Re: Query about xrun on usb/pcm

Takashi Iwai <tiwai@xxxxxxx> · Tue, 29 Nov 2022 08:45:14 +0100

On Mon, 28 Nov 2022 23:51:55 +0100,
Carl Hetherington wrote:
> 
> Hi Takashi,
> 
> Thank you for your continued attention with this!
> 
> [snip]
> 
> > > I'll see if can apply a similar fix to this case, though to my naive
> > > eyes it looks a little trickier as the xrun is found in the snd_pcm
> > > code rather than the USB code.  Any suggestions most welcome!
> >
> > OK, then it's a bit different problem, and not so trivial to fix in
> > the kernel side alone, I'm afraid.  Basically it's a race between
> > start and stop of two streams.  The key point is that, for stopping a
> > (USB) stream, a sync-stop operation is needed, and this can't be
> > performed at the PCM trigger itself (which is an atomic operation).
> > So, the kernel trigger may at most return an error there.
> >
> > I assume that it's from snd_usb_endpoint_start() and it returning
> > -EPIPE error.  If so, we may change the PCM core code to set the PCM
> > state again XRUN in such an error case, so that application may repeat
> > the standard recovery process.  Something like below.
> 
> Thanks for the suggestion.  I experimented a little with this, but I
> think the problem I'm seeing is that (even if the application knows it
> should retry the snd_pcm_prepare() step) we still end up with an endpoint
> in EP_STATE_STOPPING while the corresponding stop_operating flag is 0.

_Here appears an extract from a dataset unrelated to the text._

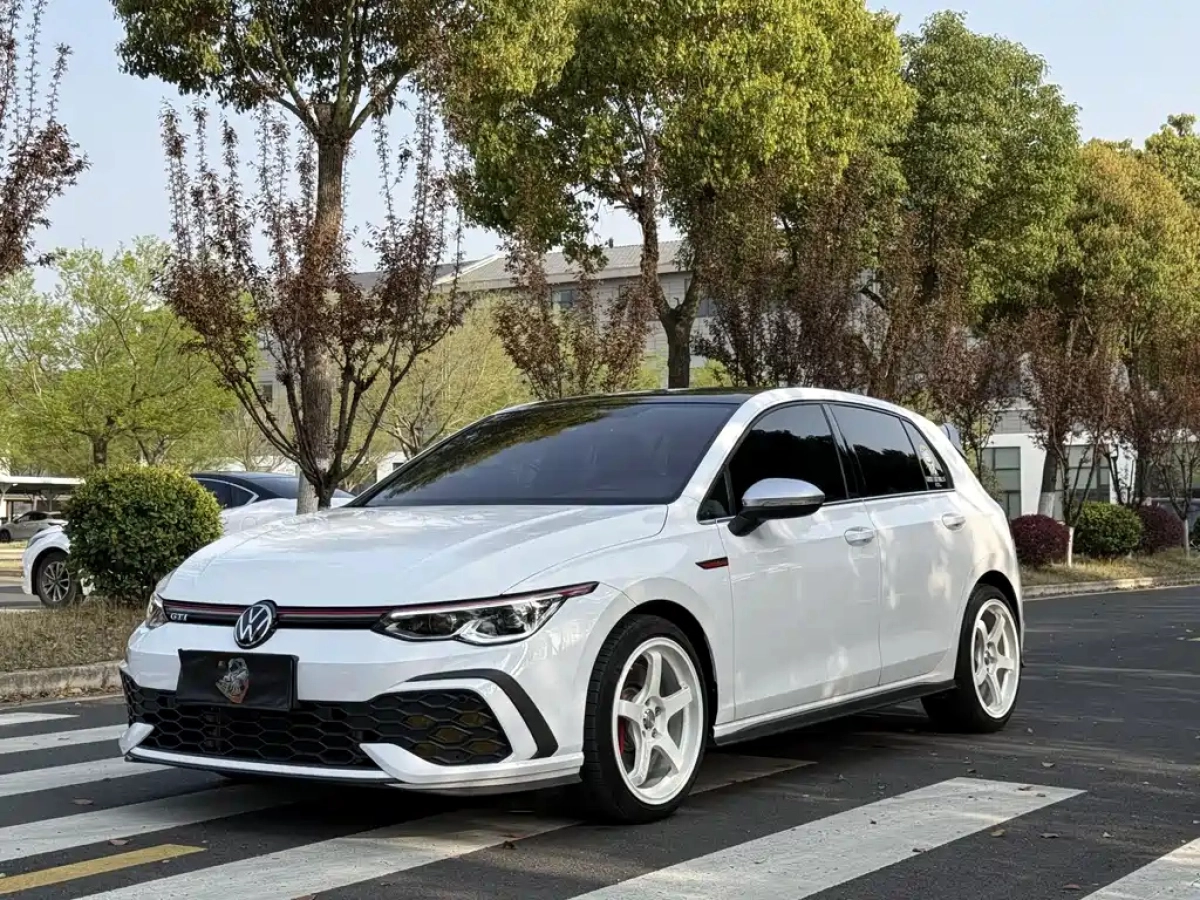 VOLKSWAGEN GOLF GTI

Ah, I guess that's a fallout in the logic.  When XRUN happens at start
-- receiving an -EPIPE error at snd_pcm_do_start() -- then the patch
sets the XRUN state.  This assumed that the stream gets stopped the
following snd_pcm_undo_start() call.  Indeed it does stop but there we
forgot setting stop_operating flag unlike what snd_pcm_stop() does.

> This means that snd_pcm_sync_stop will never call the USB sync_stop
> handler, which AFAICS is the only way (?) the endpoint can get back to
> EP_STATE_STOPPED.
> 
> In my error case, the code in snd_pcm_sync_stop sets stop_operating to
> false (perhaps assuming that substream->ops->sync_stop will "succeed"
> in setting any STOPPING endpoints to STOPPED) but then this doesn't
> happen because of this xrun that arrives halfway through the sync_stop
> operation.
> 
> I experimented with removing the check at the top of snd_pcm_sync_stop,
> so that we enter the if body regardless of
> substream->runtime->stop_operating, and making my application retry
> snd_pcm_prepare() if it fails with -EPIPE, and this seems to "fix" my
> problem.  Obviously this causes more (unnecessary) calls to the
> sync_stop() entry point...
> 
> I'd be grateful of any thoughts you have about that.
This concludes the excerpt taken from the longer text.